Although there are differences, most notably in style, for the various types of letters (personal, business letters, etc.), the basic rules are not so different. Style and letter arrangement are standalone topics and they are explained in separate articles. We suggest that you first read the basics about style and arrangement and then return to the punctuation and formatting sections below.
Punctuation, Spelling & the Meaning of Words
Style is important to make a good impression with your letters but if you want to make them look really professional, small items like punctuation and spelling are make or break. Spelling mistakes are one of the most irritating things in a letter because they reveal not only illiteracy, but above all negligence (running a spell checker is so easy that there is no excuse to skip this last step in checking your letter). Word processors are not always helpful in proof-reading a text because generally word processors do not check for words that do not have the right meaning. Spell checkers only check if the words in your letter are present in their dictionary - i.e. you have written 'male' instead of 'mail', or 'mane', or 'mall'; but a spell checker will not report an error because there is a word 'male'; and it is spelled exactly like this. So, if you have a sentence like: 'When I came to the office, I checked the male.' instead of 'When I came to the office, I checked the mail.', a spell checker will not report you an error.
Well, as far as punctuation is concerned, spell checkers are more useful. They generally report missing capital letters in the beginning of sentences, missing commas or wrongly inserted commas, etc. put still they are not that intelligent to tell you all.
Formatting Rules for Writing Letters
In comparison to style and arrangement, formatting rules are so few that they hardly need much attention. But still, if one does not know them, the result can be embarrassing. Though it looks more than obvious one shouldn't do it, it is not an exception to see business letters in bright, shiny colors and fancy fonts that are difficult to read. Bright, shiny colors and fancy fonts are for personal letters mainly, though you can occasionally use them in promotional letters as well but they do not belong to serious formal letters.

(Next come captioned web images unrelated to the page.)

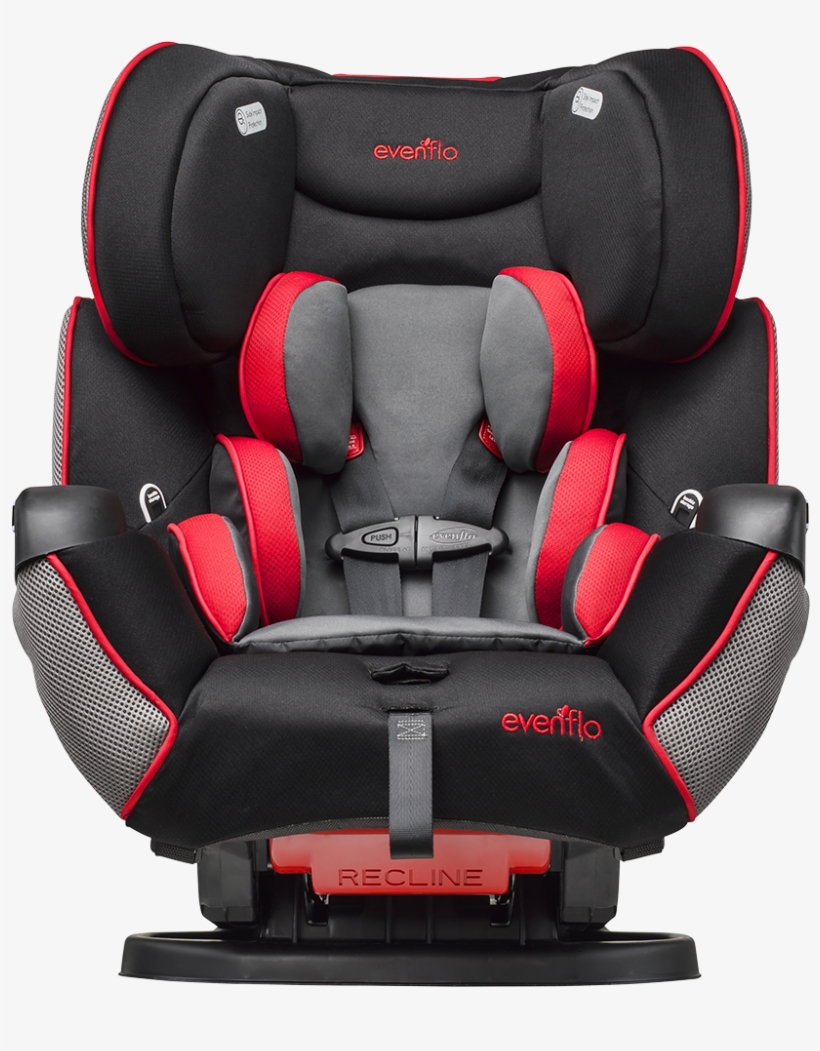 Symphony Lx All In One Car Seat & - Evenflo Symphony Lx All-in-one Convertible Car Seat, transparent png #3533172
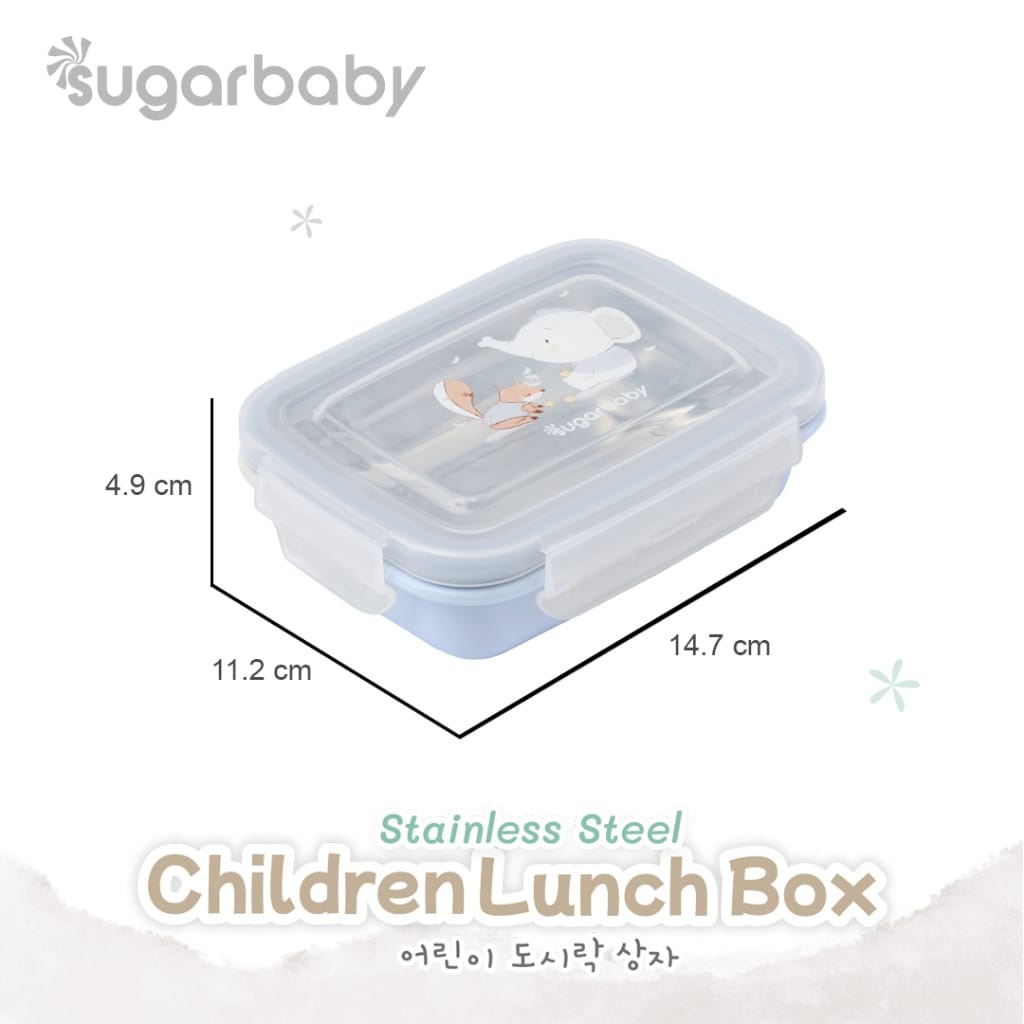 Sugar baby Stainless Steel Children Lunch box/ Kotak Makan Anak/ Kotak Bekal (SUSBOX320)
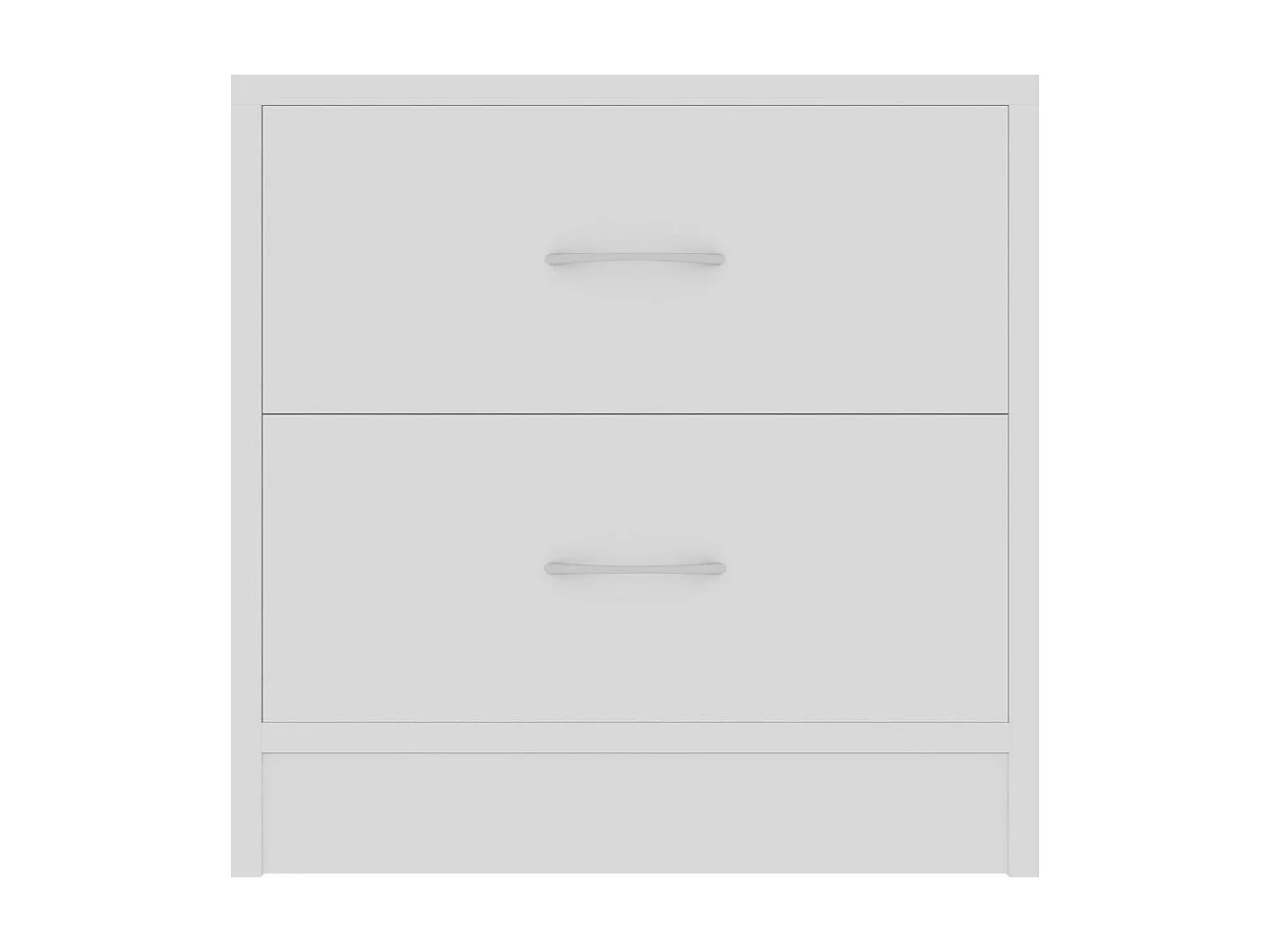 2er-Set Nachttische Nachtschrank Weiß 40x30x40 cm Holzwerkstoff -RN70768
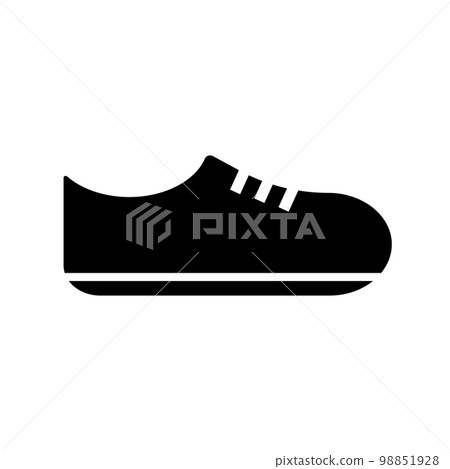 Shoe silhouette icon. footwear. shoes fashion. vector. Shoe silhouette icon. footwear. shoes fashion. vector. 98851928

One of the most irritating violation of formatting rules is when you use many different font types and font sizes in your letter. Or even worse - you just don't notice that the first five words of your letter are formatted in Arial 10pt., the next fifteen are in Verdana 12 pt., the end of the paragraph (together with half of the next one) is in Times New Roman 12 pt., and so on, and so on. To everybody, who has ever touched a word processor, such a letter looks ridiculous.
Bold and italic make a piece of text stand out from the rest. This is true when you have in bold or italic a couple of words, which you want to emphasize, not when half of your letter is bold and/or italic. Such a heavy overuse of bold and/or italic is unacceptable, especially in formal letters.
There are some other formatting items that need attention. Technically speaking, indents, spaces and tabs are also formatting but since they are part of the letter alignment, they are described in the Writing Letters - Alignment Rules article.